Please don't ever take the advice of a sportswriter when betting. Nothing good will come of it.
-Restaurant recommendation of the day: Lola's Pizzeria in Southwest Minneapolis, on Xerxes. Great food and atmosphere.
-Tailgated outside TCF Bank Stadium on Saturday. Nice atmosphere. Not as rowdy as some college campuses, but I think that's a good thing. People were friendly and calm, and the band sounded great.
-I'll be on 1500espn at 2:05 tomorrow, and on WJON in St. Cloud at 7:15 a.m.
-Luckily for me, I'll be covering the Ryder Cup in Chicago this week. It's one of the few things I haven't done as a writer that I had always wanted to do. Next wish: The British Open at St. Andrews one of these years.
I have two Vikings predictions that may seem contradictory:
-They win on Sunday, easily, over a bad Jaguars team.

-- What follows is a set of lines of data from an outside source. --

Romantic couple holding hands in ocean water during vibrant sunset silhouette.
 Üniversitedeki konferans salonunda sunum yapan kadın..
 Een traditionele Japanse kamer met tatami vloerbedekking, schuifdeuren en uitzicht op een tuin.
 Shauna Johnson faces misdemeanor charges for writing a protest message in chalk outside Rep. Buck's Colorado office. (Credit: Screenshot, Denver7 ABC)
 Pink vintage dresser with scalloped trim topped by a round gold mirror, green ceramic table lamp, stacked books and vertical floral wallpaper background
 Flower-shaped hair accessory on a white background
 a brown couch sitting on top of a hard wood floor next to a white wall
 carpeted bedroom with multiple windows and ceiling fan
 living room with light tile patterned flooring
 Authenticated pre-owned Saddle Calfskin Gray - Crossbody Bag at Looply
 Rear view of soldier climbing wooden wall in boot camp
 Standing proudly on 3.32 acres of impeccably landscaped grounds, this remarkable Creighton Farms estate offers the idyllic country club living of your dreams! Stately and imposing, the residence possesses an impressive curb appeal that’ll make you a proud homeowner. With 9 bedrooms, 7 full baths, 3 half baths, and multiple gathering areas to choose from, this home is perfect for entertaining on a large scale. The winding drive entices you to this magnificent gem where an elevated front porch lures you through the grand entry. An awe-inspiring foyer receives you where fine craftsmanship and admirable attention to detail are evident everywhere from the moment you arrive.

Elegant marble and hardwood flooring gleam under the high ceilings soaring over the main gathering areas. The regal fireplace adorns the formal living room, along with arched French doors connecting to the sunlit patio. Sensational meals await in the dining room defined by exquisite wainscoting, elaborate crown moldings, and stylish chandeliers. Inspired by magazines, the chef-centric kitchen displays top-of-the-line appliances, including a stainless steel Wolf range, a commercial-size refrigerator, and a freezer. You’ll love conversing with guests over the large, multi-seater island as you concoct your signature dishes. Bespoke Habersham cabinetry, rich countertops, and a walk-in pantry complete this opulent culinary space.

-The finish the season 5-11.
The former may be too optimistic. The latter may be too pessimistic.
I made the former pick because Christian Ponder should be better than Blaine Gabbert, the Vikings are less reliant on Adrian Peterson than the Jags are on Maurice Jones-Drew, and the Vikings are playing at home. Call it 23-16, Vikings.
I made the latter pick because I'm not impressed with the Vikings' receivers, offensive line or linebackers, and Ponder still has much to prove. Yes, the schedule is easy early on, but don't you think the Colts look at their game with the Vikings the same way the Vikings do - as an easy matchup?
I see this as a year of marginal improvement at quarterback and in the secondary. I hear good things about Josh Robinson, and the Vikings' cornerbacks should be markedly improved, which should make a big difference.
It's hard for me to imagine this team surviving the second half of the schedule, though, even if everything goes right.
The Gophers are asking people to pay money to see a game against New Hampshire?
I'm actually not offended, as some of my colleagues are, about the price of beer at TCF Bank Stadium. Yes, $7.25 is a lot to pay for a beer, but it's really exorbitant only if you want to get drunk. If you just want to drink one beer while watching the game, $7.25 won't hurt you. And I've seen way too many drunk football fans to want to see that price lowered. If you want to get sloppy drunk at a football game, you should pay in more ways than one.
My favorite games of the weekend:
Peyton Manning with his new team facing an old nemesis, Dick LeBeau's Steelers defense. I think Peyton wins this one.
Packers vs. 49ers at Lambeau in the Game That Should Have Been. Packers don't drop 18 passes this time and win a close one.
Raiders-Chargers. Just because I never know what to expect from either team or franchise, and the Black Hole should be very loud on a Monday night.
Cam Newton and the Panthers vs. Tampa Bay and Greg Schiano. Newton gets to show off after his first full NFL offseason.
Tom Pelissero and I will run Sunday Sports Talk from the 1500ESPN studio before the Vikings' game. Longtime NFL writer Gary Myers, of the New York Daily News, will join us, as will Tom Linnemann for NFL picks.